Es ist nicht ganz klar, wann die Sache aus dem Ruder gelaufen ist. Aber ach, was sind wir es leid. Wahrscheinlich fing es nicht an mit BURIAL; war es BANKSY? Egal. Was die Musik betrifft, so erscheint es am einfachsten, die Ursache wie üblich ‚im Internet’ zu verorten. Gewiss ist jedenfalls: Jemand sollte all den jungen Produzenten einmal mitteilen, dass die Sache sich erledigt hat, dass alles zumeist nur noch wie ein müder Abklatsch eben jenes BURIAL wirkt: Künstlerische Anonymität.

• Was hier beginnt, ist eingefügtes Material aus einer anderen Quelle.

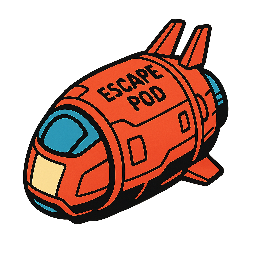 escape-pod stylized as comic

Sie macht natürlich, ganz oberflächlich betrachtet, viele Dinge einfacher, und gelegentlich scheint sie sogar unumgänglich, und ohne Frage hat die virtuelle Welt vieles in dieser Hinsicht erst ermöglicht mit ihren ungezählten unbeleuchteten Ecken, den Foren und Newsgroups, der Pornografie und der Kriminalität, und natürlich der Aufklärung, betrachtet man sie nun als tatsächlich oder als nur vorgeblich: ANONYMOUS wäre nichts ohne das Internet; eine GUY-FAWKES-Maske allein schützt nur schwerlich vor staatlichem Zugriff. Von Letzterem abgesehen aber dient Anonymität zumeist einem gänzlich anderen Zweck: Sie stellt ein bequemes Mittel bereit zur kognitiven Verantwortungsverschiebung. Ist mein Alter Ego erst einmal etabliert, so eröffnet sich die Möglichkeit, die Persönlichkeit zu spalten; nicht ich habe es getan, sondern der/die/das Andere, das zugleich Ich und nicht Ich ist. Man frage einmal nach bei der Kriminalpsychologie.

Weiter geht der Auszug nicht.